Task to carry out: Without changing a character, return the entries, but not the images they hold.

Data shown:
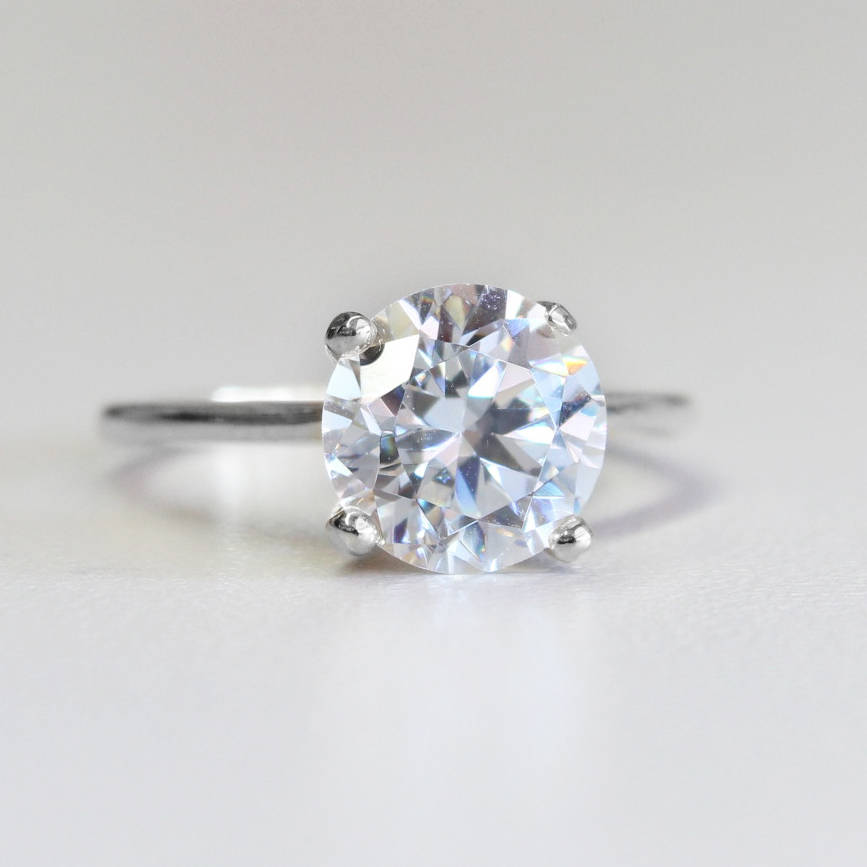 Vintage Silver Tone Cubic Zirconia Solitaire Engagement Style Ring Made in USA Size 3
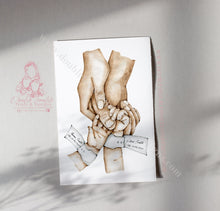 Load image into Gallery viewer, Twins Family Hands Print- Twins- Newborns - Siblings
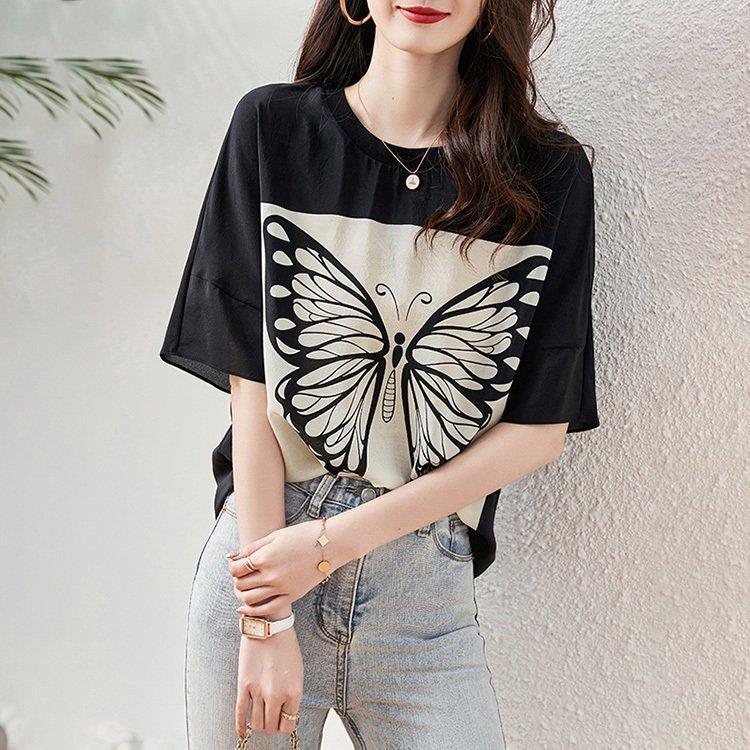 Tシャツ レディース 40代 春夏新作 オシャレ シフォンtシャツ 半袖トップス 蝶プリントブラウス 大人 通勤 ゆったりtシャツ カットソー カジュアル韓国風 30代 半袖 サイズ S Www Mantraman Com Mx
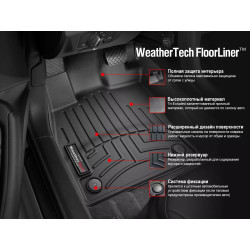 Купити Килими гумові WeatherTech для Toyota Tacoma 2016-2017 передні чорні 448671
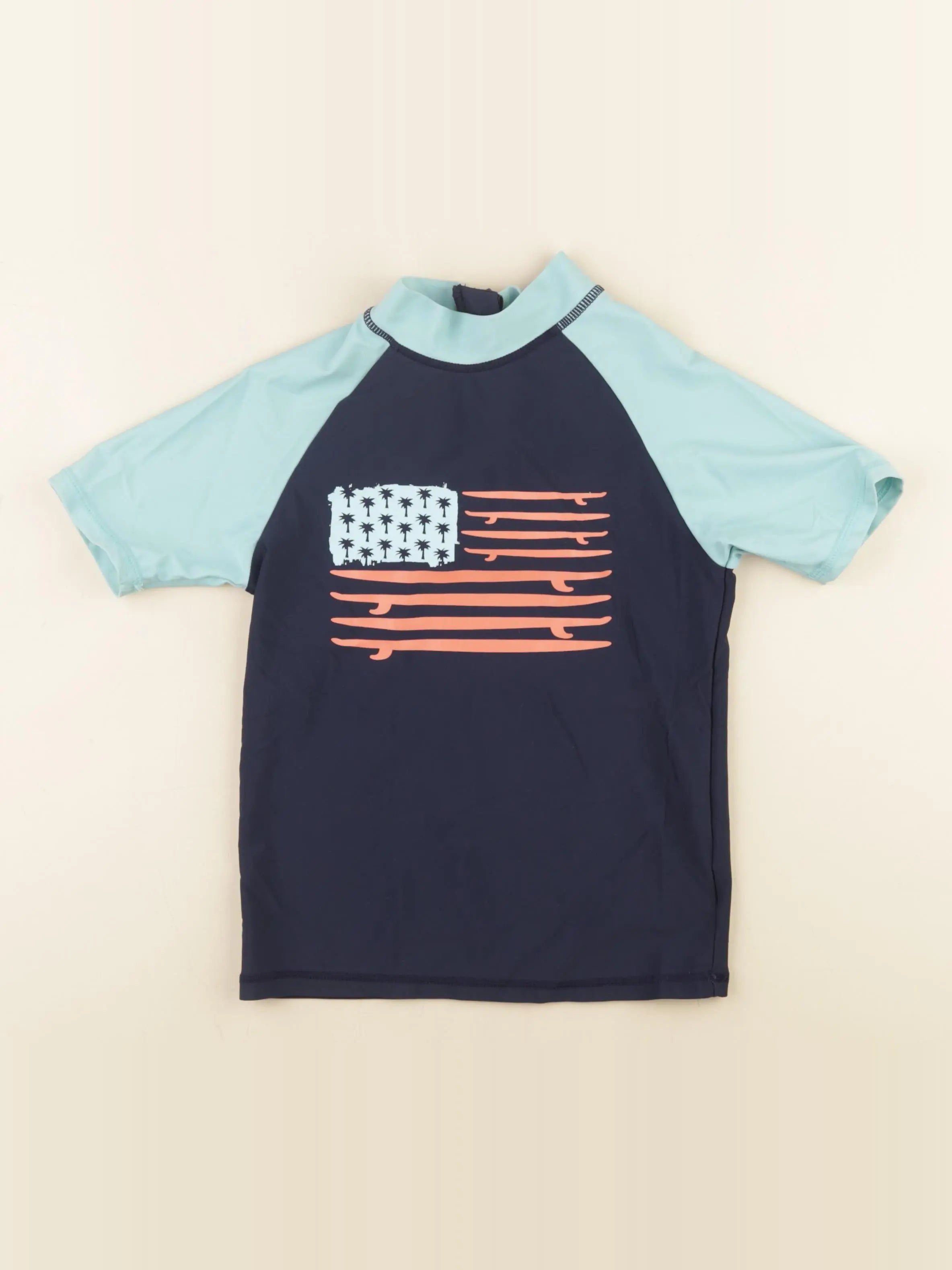 Vertbaudet - tee-shirt de bain bleu - 8 ans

Exercise result:
 Vintage Silver Tone Cubic Zirconia Solitaire Engagement Style Ring Made in USA Size 3
 Load image into Gallery viewer, Twins Family Hands Print- Twins- Newborns - Siblings
 Tシャツ レディース 40代 春夏新作 オシャレ シフォンtシャツ 半袖トップス 蝶プリントブラウス 大人 通勤 ゆったりtシャツ カットソー カジュアル韓国風 30代 半袖 サイズ S Www Mantraman Com Mx
 Купити Килими гумові WeatherTech для Toyota Tacoma 2016-2017 передні чорні 448671
 Vertbaudet - tee-shirt de bain bleu - 8 ans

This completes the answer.